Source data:

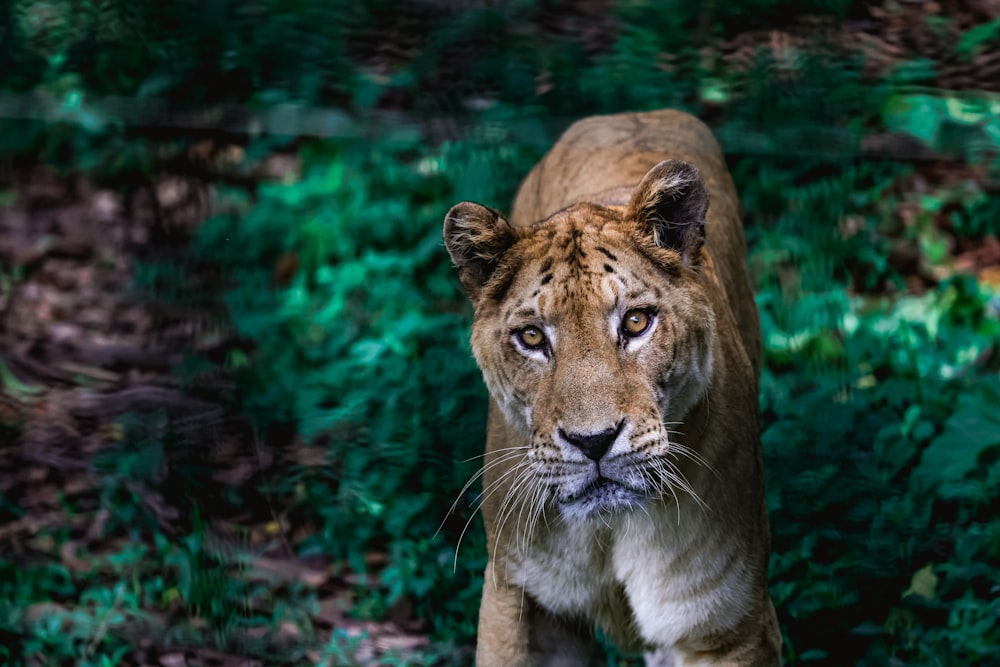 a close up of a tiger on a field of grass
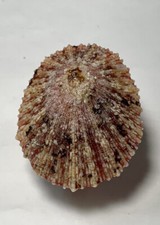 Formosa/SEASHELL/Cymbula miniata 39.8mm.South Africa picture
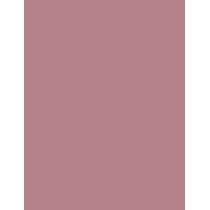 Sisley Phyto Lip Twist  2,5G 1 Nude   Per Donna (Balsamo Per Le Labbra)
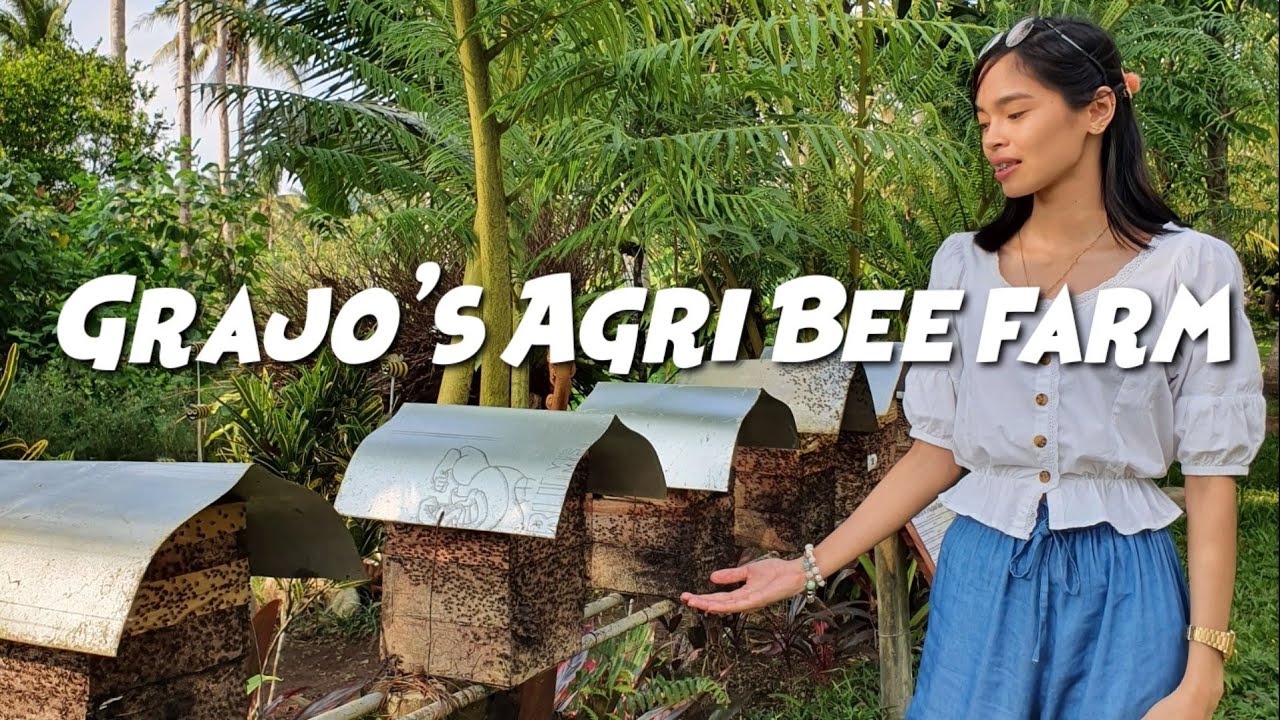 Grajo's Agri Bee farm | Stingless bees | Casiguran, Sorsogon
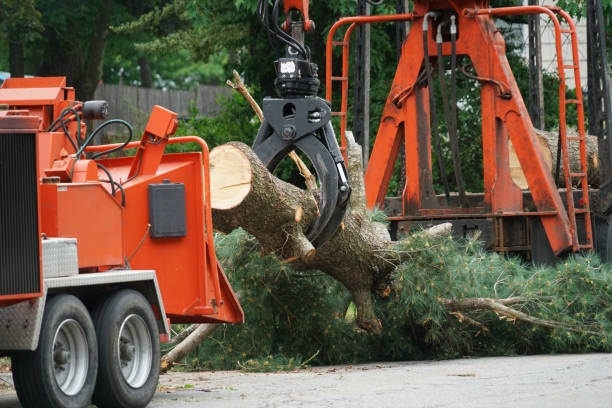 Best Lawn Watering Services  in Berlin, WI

-- EXERCISE DETAILS --
Return exactly the lines from the line with "Formosa/SEASHELL/Cymbula miniata 39.8mm.South" through the last line of the data above, both included; pictures do not go in the answer.

-- RESPONSE AREA --
 Formosa/SEASHELL/Cymbula miniata 39.8mm.South Africa picture
 Sisley Phyto Lip Twist  2,5G 1 Nude   Per Donna (Balsamo Per Le Labbra)
 Grajo's Agri Bee farm | Stingless bees | Casiguran, Sorsogon
 Best Lawn Watering Services  in Berlin, WI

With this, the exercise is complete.